You should be grateful or else we'll cut remote work completely.
You should be grateful or else we'll stop doing summer hours.
You should be grateful or else we can find someone else to do your job.
It's also worth asking what it would mean to be grateful. Does that just mean that they should say thank you? Maybe. Does it mean not complaining so much? Does it mean not complaining at all? Does it mean shut up and keep your head down and do your work and know your place?
Most bosses we know can't imagine themselves saying that last thing. It feels like a cartoon-villain version of management, and they can't see themselves in that. But in their weaker moments? If a comment like "you should be grateful" caused their people to complain less and work harder to stay in the good books? Would that be so bad?
Yes, it would
Threats that buy you comfort are still threats. And, at the heart of it, the urge to scold an adult colleague of yours is not going to help you build a great working relationship. Sometimes humans really do need a reality check, that's fair. But if you're going to reality check someone, we suggest starting with the manager in the mirror.
The reality is that work has been very hard and weird for a lot of people lately. The reality is that hybrid and remote work have been a complex, mixed bag for organizations and for individuals. People genuinely do value the flexibility and also feel the way workflows and handoffs have strained or broken. The reality is that more time with family and friends is important, and that less time with colleagues feels isolating. It's complicated.
The non-cartoon, fully-realized human beings you work with are also complicated. Among other things, they probably are grateful. But feeling gratitude, or even warmth, about their employer doesn't mean there aren't difficulties. Doesn't mean there aren't things really messing with their ability to get work done, or to engage in the deep, focused way you pay them for. In general it's a good sign, not a bad one, when employees feel safe to raise concerns. One read on those complaints, especially when they seem petty, is ungrateful. Another read is frustrated and trying very hard to make it work.

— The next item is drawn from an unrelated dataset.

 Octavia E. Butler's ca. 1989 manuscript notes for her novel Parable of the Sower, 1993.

Sound like anyone else you know?
When both halves of a working relationship are frustrated with how work is going, a very good first step is to lay it all out. This is true of org charts, of remote-work policies, of whether we use gDocs or Notion. We made this change with these expectations. It's had these benefits and these costs. How is it working out? Is it worth the costs? Are there ways to reduce those costs while keeping the things we value?

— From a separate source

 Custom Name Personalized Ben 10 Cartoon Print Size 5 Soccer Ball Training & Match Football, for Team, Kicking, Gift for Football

Sometimes you're bearing a cost that your person never saw or understood. Sometimes you imagine you're doing a thing for the benefit of someone who, it turns out, doesn't find it beneficial. None of this conversation requires guessing about the other person's interior level of gratitude. But, for whatever it's worth, conversations like this tend to increase it.

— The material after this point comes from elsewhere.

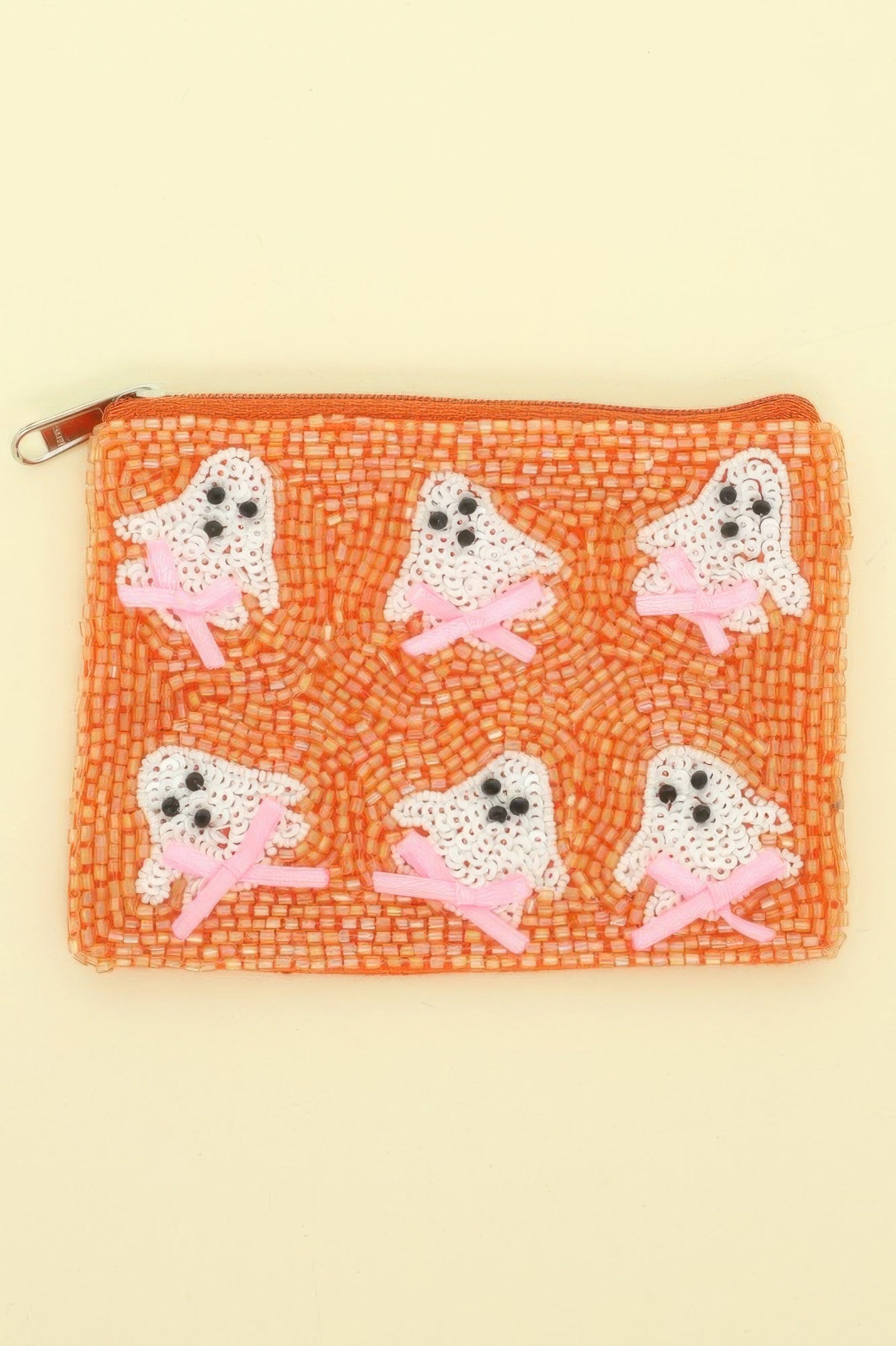 Ghost With Bow Seed Beaded Coin Bag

We've both had jobs where we felt grateful. Where someone, somewhere took a chance on us. And we worked alongside people who were either far more seasoned or far more clever or both. And we tried not to breathe too hard in the hallway, lest someone notice us and figure out that we weren't supposed to be there after all.
The thing about jobs where you feel grateful to be there every day is that at no point in time, in the entire history of holding those roles, does a boss have to tell you you ought to be grateful. You feel it in the way work happens. The way you're in it together. It can be in the meaning that infuses your work or the way your colleagues inspire you to be better. You feel it in your bones. And a lot of the time, so does everyone else you're working alongside.
As a boss, if you find yourself scolding. Even if only in the silent scream between meetings. Take a deep breath. Close your eyes. And remind yourself that, in this organization, you get to control how work feels. And, for that, you should be grateful.